Why Christians should consider faith with their vote: every other religion does

Donald Trump Barack Obama Faith

Within the general Christian community in the United States, even the most devoutly faithful often proclaim the separation of church and state as the reason they don’t take faith into account with their votes. This is silly because in for every other religion, faith is a top consideration. Even atheists and agnostics hold the secularism of candidates in high regard.

Why do so many Christians feel that politics and religion shouldn’t mix?

The rise of Donald Trump among Evangelicals and Catholics is a perfect example of this dynamic at play. Even Trump’s Christian supporters will admit that he claims Christianity for the sake of political expediency, but since he promises to protect Christians and make department stores say “merry Christmas,” that’s enough faithful credibility for them. To those of us who practice our faith daily, this is insane and utterly obtuse.

Don’t take this as an attempt to dump on Trump. He’s a good candidate with some strong ideas, but his support does highlight the abandonment of faith as an important factor in the minds of many churchgoers.

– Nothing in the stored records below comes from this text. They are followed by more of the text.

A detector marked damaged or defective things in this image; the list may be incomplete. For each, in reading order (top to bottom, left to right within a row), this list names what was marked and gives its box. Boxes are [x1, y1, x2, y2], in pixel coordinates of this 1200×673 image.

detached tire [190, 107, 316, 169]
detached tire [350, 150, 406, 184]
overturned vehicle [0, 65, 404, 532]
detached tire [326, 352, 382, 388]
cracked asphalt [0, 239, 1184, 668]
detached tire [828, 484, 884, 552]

Other faiths don’t see it like this. Hindus and Buddhists maintain a separation from politics as a lower concept, a necessary evil, but they always take the faith of their politicians into account and often favor the most spiritual with their votes. As noted, atheists and agnostics (yes, they practice a form of religion) will eliminate candidates from consideration altogether if they sound too “churchy” or indicate that their faith will play a role in their governance.

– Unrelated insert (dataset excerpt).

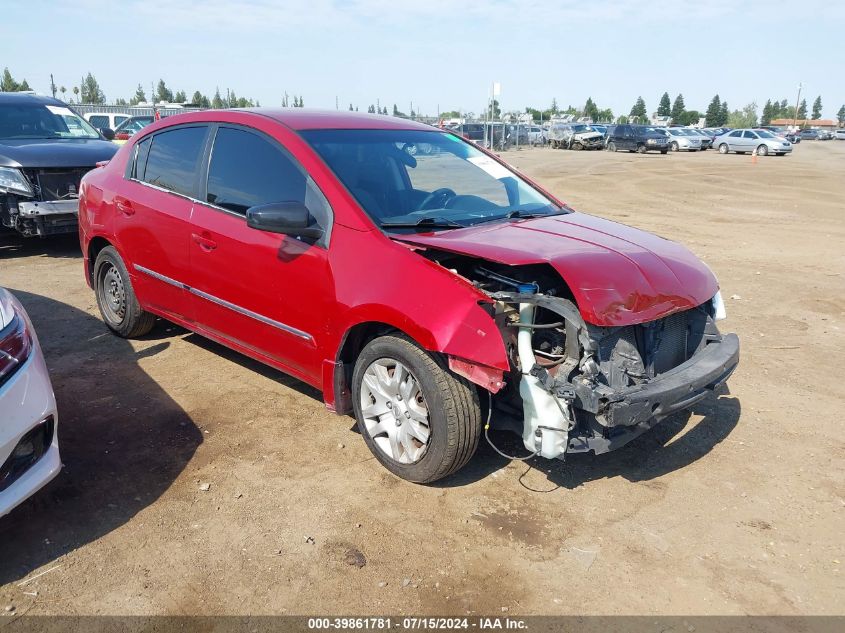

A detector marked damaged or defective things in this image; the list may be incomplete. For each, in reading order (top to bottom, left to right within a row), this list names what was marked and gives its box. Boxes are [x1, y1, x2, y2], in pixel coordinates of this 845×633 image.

detached headlight [0, 167, 33, 196]
crumpled hood [0, 137, 118, 168]
crumpled hood [396, 212, 720, 326]
damaged front bumper [568, 334, 740, 452]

Jews and Muslims have faith deeply ingrained in their political decision making, though in completely different ways. Jews are divided between two groups both in the United States and in Israel. Ethnic Jews who do not practice their religion regularly still take faith into account, but in ways that are similar to atheists and agnostics. Faithful Jews look at the relationship between their leaders (whether in the US, Israel, or other nations) and their perspectives on the well-being of the nation of Israel itself. For Muslims, there is no separation of religion and government. Islam is government. Even in the United States, over 70% of Muslims would embrace some variation or melding of Shariah law into the American political structure. As impossible as that may seem today to those who aren’t watching, it’s actually unfolding in many places around the country. One need only look at Dearborn, Michigan.

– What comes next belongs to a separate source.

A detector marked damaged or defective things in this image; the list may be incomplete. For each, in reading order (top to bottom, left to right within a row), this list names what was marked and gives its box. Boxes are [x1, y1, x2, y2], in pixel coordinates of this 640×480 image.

Some view the problems we’re facing in America as requiring secular answers. The problem with that argument is that our downward trend can be traced back to after Ronald Reagan left office. Reagan was the last truly faithful Christian to sit in the White House. We’re in the middle of the most secular administration the country has ever seen. Donald Trump will not be asking for forgiveness from the Father nor will he be asking for guidance from the Holy Spirit. He may bring about a more secular government than we’re seeing today.

Christians who vote for a secular leader like Donald Trump can do so because of his strong sales pitch, his success in real estate, or any number of other reasons. However, they shouldn’t try to convince us that he’s faithful. He uses religion as a campaign prop, not an actual guiding force. In that way, he’s just like President Obama.